Settings

Papermerge loads its settings from a configurations file. At first it tries to read following files:

/etc/papermerge.conf.py
papermerge.conf.py - from current project directory

If neither of above files exists it will check environment variable PAPERMERGE_CONFIG_FILE. In case environment variable PAPERMERGE_CONFIG_FILE points to an existing file - it will try to read its configurations from there.

If all above attempts fail, Papermerge will use default configurations values and issue you a warning. If you want to get rid of warning message, just create an empty configuration file papermerge.conf.py in project root directory (right next to papermerge.conf.py.example) or in location /etc/papermerge.conf.py.

Configuration file uses python syntax.

Django Settings

Papermerge is based on Django Web Development Framework. This means basically that if you'll know how Django projects are configured - you'll be more familiar with how papermerge's configuration internals. One particularly important thing to be aware of is the [DJANGO_SETTINGS_MODULE] (https://docs.djangoproject.com/en/3.1/topics/settings/#designating-the-settings) environment variable - which is Django specific. Learn more about Django's settings from Django documentation.

PAPERMERGE_ Prefix

There is slight difference where you place papermerge settings enumerated below. In short, when placed in papermerge.conf.py file, they don't need PAPERMERGE_ prefix, while if you place very same configuration in django settings file - it needs PAPERMERGE_ prefix.

Papermerge settings can be either in:

papermerge.conf.py file
django settings file (the one referenced by DJANGO_SETTINGS_MODULE environment variable)

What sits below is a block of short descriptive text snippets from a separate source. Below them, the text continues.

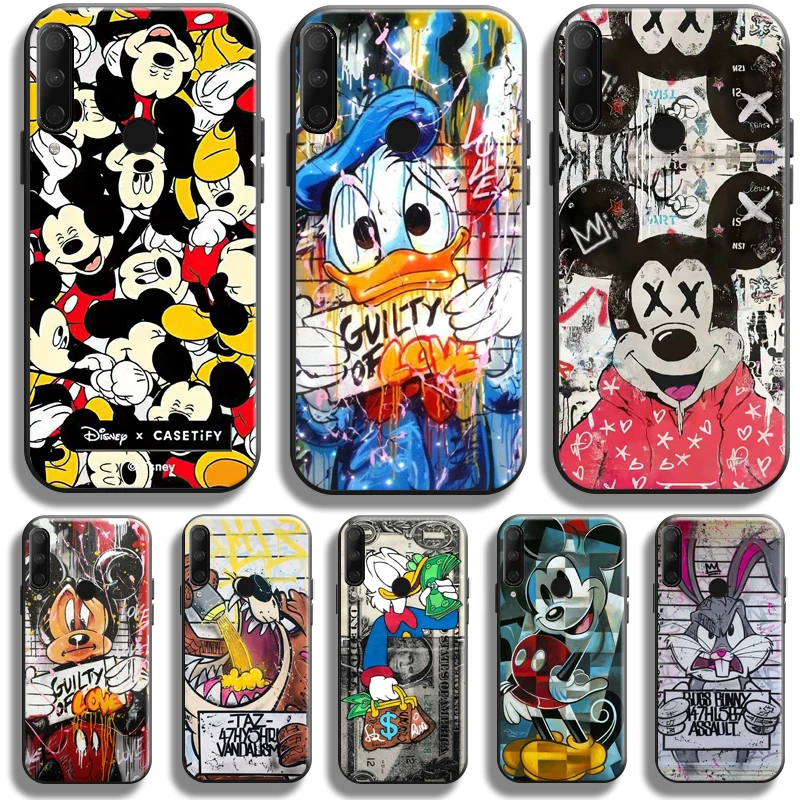 

Disney Mickey Duck Graffiti Phone Case For Huawei Honor 9X 8X 7X Pro For Honor 10X Lite Case TPU Coque Liquid Silicon Back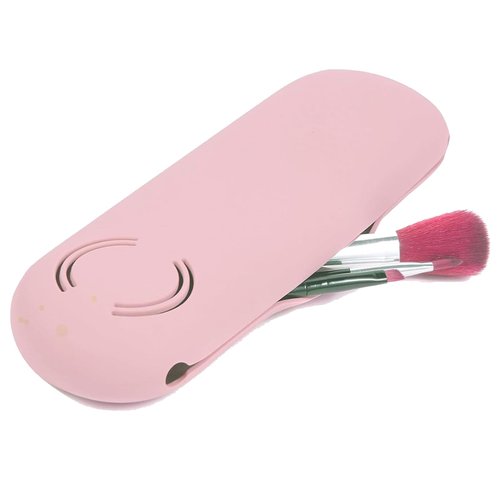 Azmoncy Pink Makeup Brush Holder Bag, Silicone Travel Makeup Bag, Blender Case Organizer, Travel Essentials for Women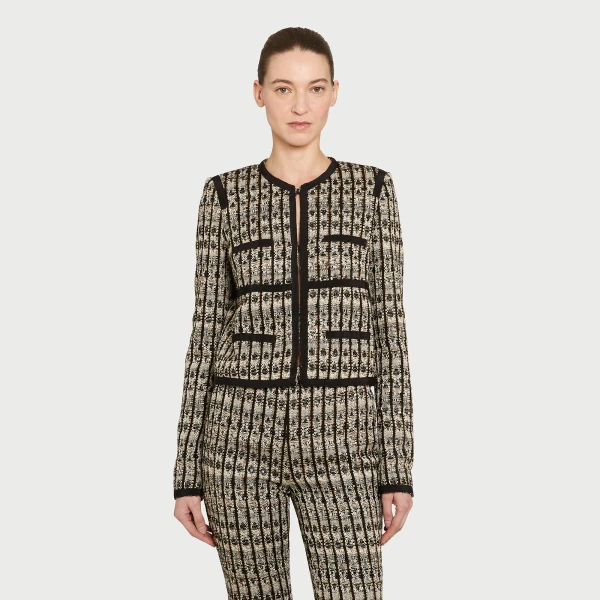 Giambattista Valli Short Optical Bouclé Jacket - Giambattista Valli Jackets - Romantic Couture - Shop at Coveti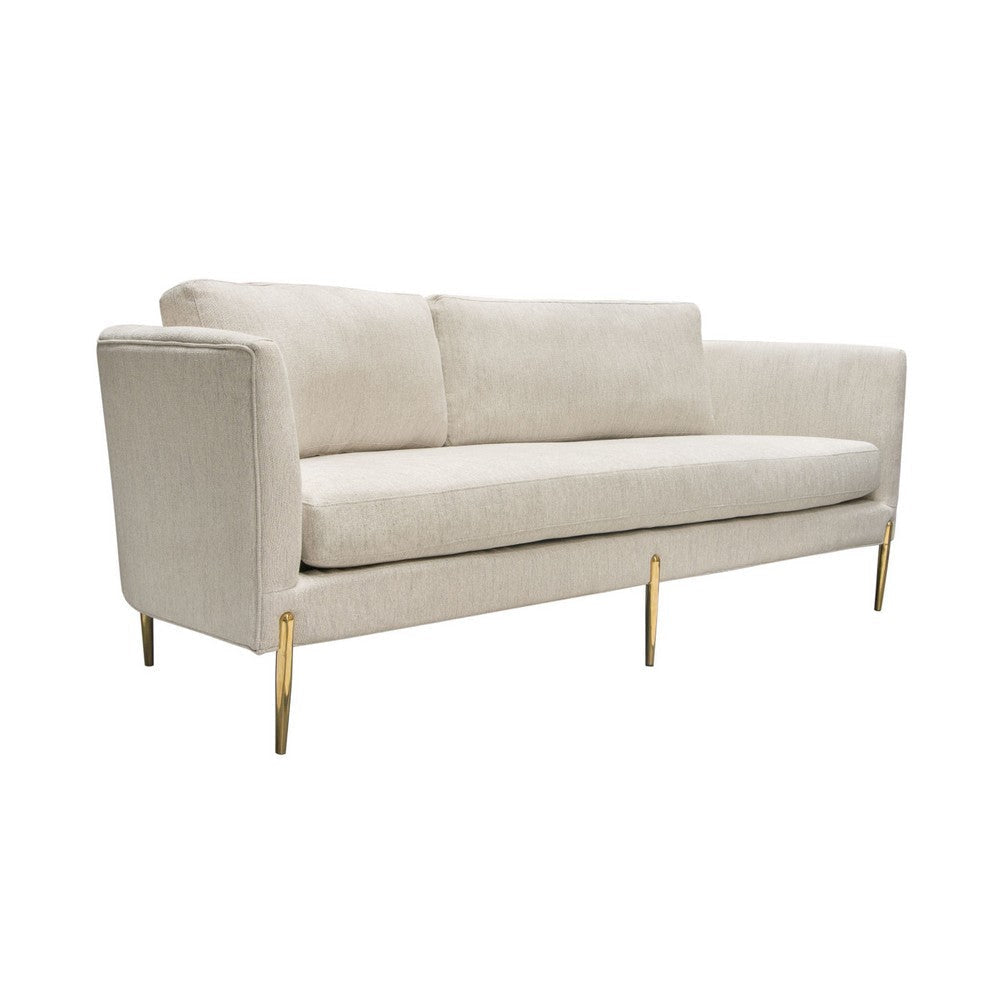 Meny Modern Sofa | Light Cream Textured Fabric | 92’’ Gold Metal BM338856
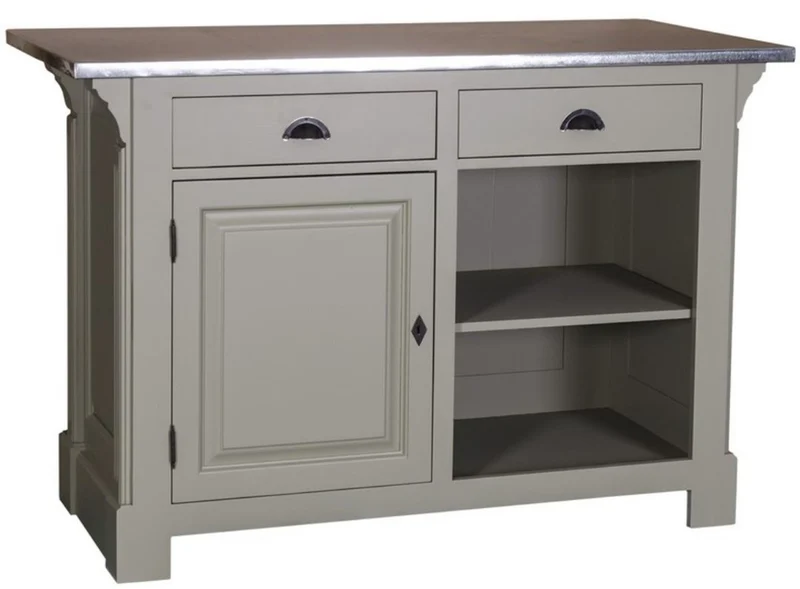 Casa Padrino Landhausstil Theke Grau / Silber 140 x 68 x H. 95 cm - Massivholz Thekentisch mit verzinkter Tischplatte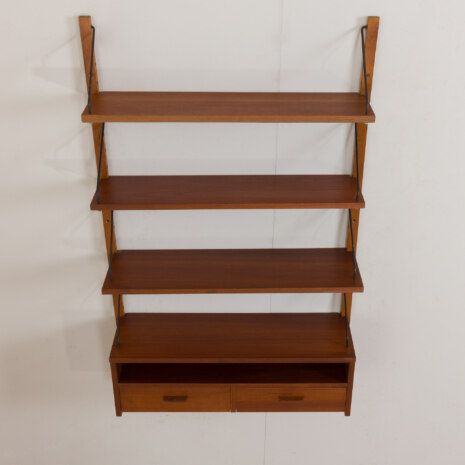 23008 Danish vintage teak entry shelving unit in with a console and 3 shelves, 1960s-7 23008 Danish vintage teak entry shelving unit in with a console and 3 shelves, 1960s-7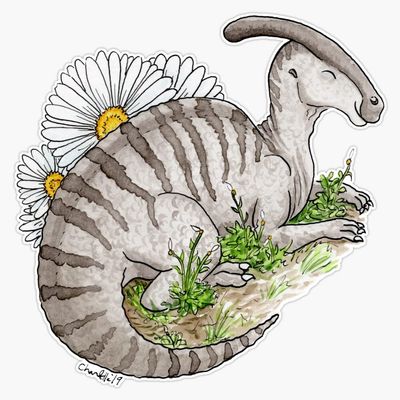 Parasaurolophus + Daisies Sticker Decal Size 5"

In papermerge.conf.py file configuration settings are without PAPERMERGE_ prefix, because all (well, 90%) of them are papermerge specific. In django settings file however, there are all sort of settings - for celery (prefixed with CELERY_), for allauth (prefixed with ACCOUNT_). Respectively settings for specific for papermerge are prefixed as well. Thus, any settings listed below, when added directly to django settings file - needs PAPERMERGE_ prefix.

Configuration file papermerge.conf.py is there for convenience. Most of the time you will need only that file.

Main App, Worker or Both?

Some configuration variables are for worker only (the part which OCRs the documents, imports documents form local directory or fetches them from imap/email account), some configuration variables are for main app only and some are for both. This distinction becomes aparent in case you deploy main app and worker on separate hosts; another scenario when this distinction is important in case of containerized deployment via docker - it so, because usually main app and worker will run in different containers - and thus will have different copies of papermerge.conf.py file.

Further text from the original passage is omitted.